Dijital ağların kutsal bilgi kaynağı gibi benimsendiği çağda sahte kahramanlar üzerinden üretilen figürler erişilmez yerlere konuluyor. Profesyonelce sunulan karizmatik resimler, şeytana şapka çıkartacak mesajlar, sonucu önceden belirlenmiş yol haritaları, kitleleri sonrasını bilemedikleri amaçlara hizmet için yönlendiriyor. Her türlü günah ve kusurdan "münezzeh" hâle getirilen isimler kahramanlık edasında, göğsünü namluya siper etmiş kişilerin önünde sıralanıyor.

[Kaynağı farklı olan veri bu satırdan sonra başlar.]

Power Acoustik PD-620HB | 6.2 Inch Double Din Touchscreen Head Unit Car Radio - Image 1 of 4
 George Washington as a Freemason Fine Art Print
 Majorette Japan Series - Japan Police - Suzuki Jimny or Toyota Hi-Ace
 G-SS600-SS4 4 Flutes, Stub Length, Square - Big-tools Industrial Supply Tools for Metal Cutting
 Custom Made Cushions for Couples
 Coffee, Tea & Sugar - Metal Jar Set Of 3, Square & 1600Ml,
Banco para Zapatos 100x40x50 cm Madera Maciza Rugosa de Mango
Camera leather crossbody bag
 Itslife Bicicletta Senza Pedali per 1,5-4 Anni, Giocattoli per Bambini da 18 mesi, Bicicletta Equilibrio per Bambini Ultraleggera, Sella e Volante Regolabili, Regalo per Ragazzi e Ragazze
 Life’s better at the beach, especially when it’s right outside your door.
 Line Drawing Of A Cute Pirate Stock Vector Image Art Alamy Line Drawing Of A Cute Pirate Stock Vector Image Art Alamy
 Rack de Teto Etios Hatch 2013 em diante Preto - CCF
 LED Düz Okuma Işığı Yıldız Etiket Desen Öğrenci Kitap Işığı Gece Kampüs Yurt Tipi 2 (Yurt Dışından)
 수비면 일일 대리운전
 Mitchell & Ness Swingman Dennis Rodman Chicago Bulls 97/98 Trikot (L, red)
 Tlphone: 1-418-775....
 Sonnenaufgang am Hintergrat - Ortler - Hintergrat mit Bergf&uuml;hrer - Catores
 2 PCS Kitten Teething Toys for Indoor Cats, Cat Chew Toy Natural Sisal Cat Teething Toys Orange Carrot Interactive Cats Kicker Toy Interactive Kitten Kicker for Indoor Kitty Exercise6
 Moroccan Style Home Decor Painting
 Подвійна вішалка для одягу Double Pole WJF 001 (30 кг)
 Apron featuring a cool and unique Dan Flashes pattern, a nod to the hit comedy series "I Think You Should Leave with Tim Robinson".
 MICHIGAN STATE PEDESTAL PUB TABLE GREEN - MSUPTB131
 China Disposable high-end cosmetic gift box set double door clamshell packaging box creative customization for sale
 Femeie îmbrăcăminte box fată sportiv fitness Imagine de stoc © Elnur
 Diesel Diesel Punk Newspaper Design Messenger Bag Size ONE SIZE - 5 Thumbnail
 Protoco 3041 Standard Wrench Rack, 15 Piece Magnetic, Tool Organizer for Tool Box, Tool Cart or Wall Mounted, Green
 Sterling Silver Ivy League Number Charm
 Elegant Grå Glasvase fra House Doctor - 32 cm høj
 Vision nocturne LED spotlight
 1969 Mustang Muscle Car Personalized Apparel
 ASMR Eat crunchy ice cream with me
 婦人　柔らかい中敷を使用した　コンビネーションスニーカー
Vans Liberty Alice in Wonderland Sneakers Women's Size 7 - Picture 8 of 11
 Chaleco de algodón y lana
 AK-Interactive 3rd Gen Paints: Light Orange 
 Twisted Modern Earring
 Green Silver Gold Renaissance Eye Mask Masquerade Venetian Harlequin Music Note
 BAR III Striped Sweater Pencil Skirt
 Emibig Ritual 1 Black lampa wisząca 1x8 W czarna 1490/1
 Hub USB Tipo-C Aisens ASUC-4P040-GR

Üzerine ABD bayrağı örten bir yazar, ABD bayrağı öpen sevimli yüzler, ülkesini askeri, siyasi her türlü müdahaleye çağıran çığırtkanlar… Rambo filmlerinde her zaman kazanan ABD askerinin güç ve karizma makyajlı modeli artık sosyal medya, STK'lar ve fikri mecralar üzerinden yürütülüyor. Ekonomide hiçbir başarısı olmayan kahraman ekonomistler, güvenlik ve uluslararası branşta derinliği olmayan isimlerle, kahraman kara propagandacılarla çevrili etrafımız… Söylediklerinin hemen ardında eskiden beri değişmeyen adreslerin hesaplarından başka bir şey bulamıyoruz. Her şeyi bir anda başlatıp birden bitirebilen popülist paradigmalar, kimi hangi duygularla ne kadar sevip sevemeyeceğimize de karar verebiliyor.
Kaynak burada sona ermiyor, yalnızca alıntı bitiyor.